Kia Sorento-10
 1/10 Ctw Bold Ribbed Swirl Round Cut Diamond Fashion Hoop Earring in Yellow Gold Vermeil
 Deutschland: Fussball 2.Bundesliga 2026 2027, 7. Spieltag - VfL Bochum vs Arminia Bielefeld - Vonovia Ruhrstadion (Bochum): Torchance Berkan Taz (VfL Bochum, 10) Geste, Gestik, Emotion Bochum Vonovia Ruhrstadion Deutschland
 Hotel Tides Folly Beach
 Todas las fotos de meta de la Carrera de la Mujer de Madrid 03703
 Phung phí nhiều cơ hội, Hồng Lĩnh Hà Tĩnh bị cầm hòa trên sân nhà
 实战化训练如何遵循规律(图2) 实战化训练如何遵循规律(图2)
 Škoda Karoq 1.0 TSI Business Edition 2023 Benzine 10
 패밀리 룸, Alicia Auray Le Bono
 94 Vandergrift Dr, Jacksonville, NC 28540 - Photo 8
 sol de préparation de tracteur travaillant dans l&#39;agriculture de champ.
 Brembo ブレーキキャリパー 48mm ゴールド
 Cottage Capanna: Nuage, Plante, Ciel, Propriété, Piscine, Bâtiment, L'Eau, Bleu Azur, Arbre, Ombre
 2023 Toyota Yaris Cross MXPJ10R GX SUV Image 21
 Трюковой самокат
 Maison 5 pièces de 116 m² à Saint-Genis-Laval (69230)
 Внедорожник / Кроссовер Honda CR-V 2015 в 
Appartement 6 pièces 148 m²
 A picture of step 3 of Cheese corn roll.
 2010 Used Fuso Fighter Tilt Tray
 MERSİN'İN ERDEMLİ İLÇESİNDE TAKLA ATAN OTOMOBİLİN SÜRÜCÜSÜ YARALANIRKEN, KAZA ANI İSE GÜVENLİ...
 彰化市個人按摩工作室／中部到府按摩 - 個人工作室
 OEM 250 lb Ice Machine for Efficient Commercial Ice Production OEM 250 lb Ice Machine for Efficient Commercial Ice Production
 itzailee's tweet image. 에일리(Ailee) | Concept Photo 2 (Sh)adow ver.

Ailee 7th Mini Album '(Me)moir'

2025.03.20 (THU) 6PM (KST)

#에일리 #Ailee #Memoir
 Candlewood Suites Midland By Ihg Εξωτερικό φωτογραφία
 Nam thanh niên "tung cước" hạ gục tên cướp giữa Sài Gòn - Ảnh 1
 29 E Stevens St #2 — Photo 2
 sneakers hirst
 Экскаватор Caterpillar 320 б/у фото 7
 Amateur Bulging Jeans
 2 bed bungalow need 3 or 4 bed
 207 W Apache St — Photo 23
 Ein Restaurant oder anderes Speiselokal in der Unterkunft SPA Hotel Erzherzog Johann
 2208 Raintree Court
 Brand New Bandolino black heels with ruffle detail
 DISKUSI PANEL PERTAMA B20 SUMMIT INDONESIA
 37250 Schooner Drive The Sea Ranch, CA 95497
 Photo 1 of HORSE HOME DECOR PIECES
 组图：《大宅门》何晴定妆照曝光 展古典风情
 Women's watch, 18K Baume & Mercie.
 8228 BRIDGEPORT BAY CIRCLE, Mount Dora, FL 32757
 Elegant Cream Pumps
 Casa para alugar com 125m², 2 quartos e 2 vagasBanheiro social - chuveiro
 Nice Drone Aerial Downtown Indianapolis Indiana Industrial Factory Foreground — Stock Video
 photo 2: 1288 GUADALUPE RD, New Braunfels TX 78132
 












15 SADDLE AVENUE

AIM OF THE EXERCISE.
Would you quote everything above from the line containing "MERSİN'İN ERDEMLİ İLÇESİNDE" down to the line containing "Candlewood Suites Midland"? Include both of those lines and nothing else.

YOUR RESPONSE.
 MERSİN'İN ERDEMLİ İLÇESİNDE TAKLA ATAN OTOMOBİLİN SÜRÜCÜSÜ YARALANIRKEN, KAZA ANI İSE GÜVENLİ...
 彰化市個人按摩工作室／中部到府按摩 - 個人工作室
 OEM 250 lb Ice Machine for Efficient Commercial Ice Production OEM 250 lb Ice Machine for Efficient Commercial Ice Production
 itzailee's tweet image. 에일리(Ailee) | Concept Photo 2 (Sh)adow ver.

Ailee 7th Mini Album '(Me)moir'

2025.03.20 (THU) 6PM (KST)

#에일리 #Ailee #Memoir
 Candlewood Suites Midland By Ihg Εξωτερικό φωτογραφία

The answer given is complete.